Banyak pelanggan Muslim merasa kecewa karena tidak pernah ada pemberitahuan secara terbuka mengenai penggunaan bahan non-halal tersebut.
Beberapa bahkan mengaku telah menjadi pelanggan setia selama bertahun-tahun tanpa menyadari fakta ini.
Merespons kegaduhan yang terjadi, manajemen rumah makan akhirnya menyampaikan permohonan maaf melalui akun Instagram resmi mereka, @ayamgorengwiduransolo.
Mereka mengklaim telah memasang label “NON-HALAL” secara jelas di seluruh outlet dan akun media sosial mereka sebagai bentuk transparansi kepada konsumen.
Ayam Goreng Widuran bukanlah pendatang baru dalam dunia kuliner. Restoran ini telah berdiri sejak tahun 1973 dan terkenal karena kelezatannya.
Pengelola restoran bernama Indra, telah mewarisi dan mengembangkan usaha keluarganya tersebut selama puluhan tahun. Di bawah kepemimpinannya, Ayam Goreng Widuran bahkan telah membuka cabang di Bali, tepatnya di Jalan Imam Bonjol No. 371, Denpasar.
Menu andalan mereka terdiri dari ayam goreng kampung tanpa bahan pengawet, dengan kremesan renyah. Selain itu juga ada aneka pilihan sambal seperti sambal bawang, sambal matah, dan sambal original.
Prof. Ni’am menegaskan bahwa pelaku usaha kuliner wajib mematuhi peraturan yang berlaku, terutama terkait sertifikasi halal.

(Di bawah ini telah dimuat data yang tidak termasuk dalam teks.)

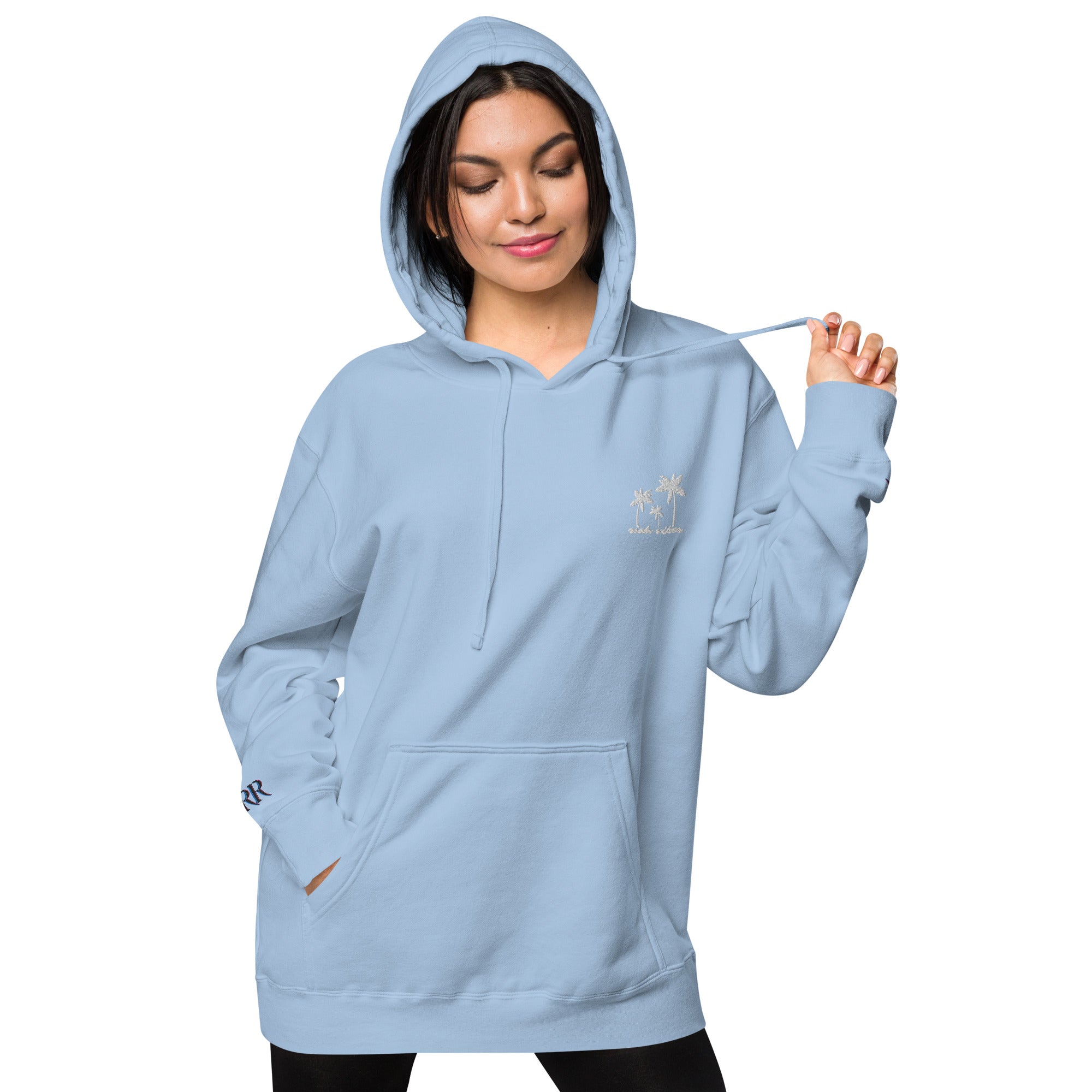 Rich Vibes 3 Palm Tree Silhouette - Unisex pigment-dyed hoodie Light Blue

“Sudah ada undang-undangnya, kalau ada yang langgar tentu ada sanksi. Pemerintah harus segera bertindak,” tegasnya.
Ia juga mengingatkan bahwa proses pengolahan makanan menjadi bagian penting dalam memastikan kehalalan, bukan hanya bahan dasarnya saja.
“Ayam yang halal sekalipun bisa menjadi haram jika digoreng dengan minyak babi. Ini bukan hal sepele,” paparnya.
Sementara itu, Dinas Perdagangan Kota Solo merespons cepat dengan merencanakan inspeksi ke lokasi usaha. Mereka akan memastikan kepatuhan terhadap regulasi perlindungan konsumen.
Langkah ini agar masyarakat memperoleh informasi yang akurat dan dapat membuat pilihan yang sesuai dengan keyakinan mereka.
Kasus Ayam Goreng Widuran menjadi tamparan keras bagi pelaku usaha kuliner di seluruh Indonesia.
Transparansi terhadap bahan dan proses produksi, terutama yang menyangkut aspek kehalalan, menjadi sangat penting di negara dengan mayoritas penduduk Muslim seperti Indonesia.
“Jangan hanya percaya pada tampilan menu. Umat Muslim wajib mengecek label halal, bertanya kepada pemilik, dan memperhatikan indikasi yang ada. Ini bentuk kehati-hatian yang sesuai dengan syariat,” imbau Prof. Ni’am.
Dalam industri kuliner, kepercayaan adalah modal utama. Sekali reputasi tercoreng, dampaknya bisa meluas mulai dari kehilangan pelanggan, penurunan jumlah wisatawan, hingga rusaknya citra kota.
Pemerintah daerah, MUI, dan pelaku usaha kuliner harus bersinergi menjaga kualitas dan kejujuran demi keberlangsungan industri makanan yang aman, sehat, dan sesuai syariat.